Due to their extreme fragility, digitisation is often the only way to enable access to the content of heritage glass plate negative collections without putting them at risk. As a result of this, we are frequently approached by archives and libraries, as well as private organisations, to scan glass plate collections.
As part of our ongoing “How to Digitise…” blog series, below we share our best practice tips to safely digitise glass plate negatives, whilst producing the best quality image outputs…
Digitising Glass Plate Negatives – Top tips
Use a DSLR and Lightbox for Image Capture
Whilst glass plate negatives can be digitised using a flatbed scanner (pictured below) and achieve good outputs, we believe that a DSLR camera and lightbox set up (pictured above) produces the best image results. Although this is, of course, dependent on the model and spec of the scanner/camera being used.
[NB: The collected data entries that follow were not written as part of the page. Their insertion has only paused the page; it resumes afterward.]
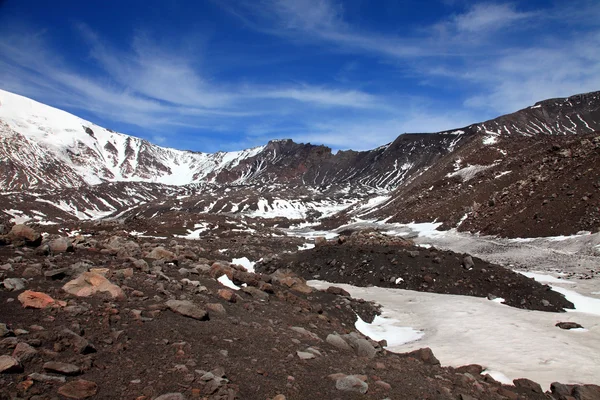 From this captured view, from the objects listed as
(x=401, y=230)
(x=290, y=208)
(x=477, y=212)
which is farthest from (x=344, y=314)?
(x=290, y=208)

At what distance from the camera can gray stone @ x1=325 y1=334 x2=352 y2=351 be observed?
869 cm

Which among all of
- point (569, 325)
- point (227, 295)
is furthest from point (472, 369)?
point (569, 325)

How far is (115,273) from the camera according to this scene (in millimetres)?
8906

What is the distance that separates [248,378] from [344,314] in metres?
8.97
It is important, if you do choose to use a flatbed scanner to digitise glass plate negatives, to ensure it is calibrated to the correct settings for the medium. This is often called “Transparency” mode, but varies between different models of scanner. Details of the relevant settings needed can usually be found in the user guide for your particular scanner or on the manufacturer’s website.
Handle with Gloves
When handling glass plate negatives during the digitisation process (and in general), operators should wear nitrile gloves at all times, in line with National Archives guidance. In addition to helping prevent contaminants (such as oils/acids from skin) being transferred to the plates, wearing gloves also protects the operator’s hands from their potentially sharp edges.
Clean the Plates before scanning
There may be tiny specs of dust and dirt that have collected on the surface of the glass plates, which can adversely affect the quality and clarity of the images produced when digitising them.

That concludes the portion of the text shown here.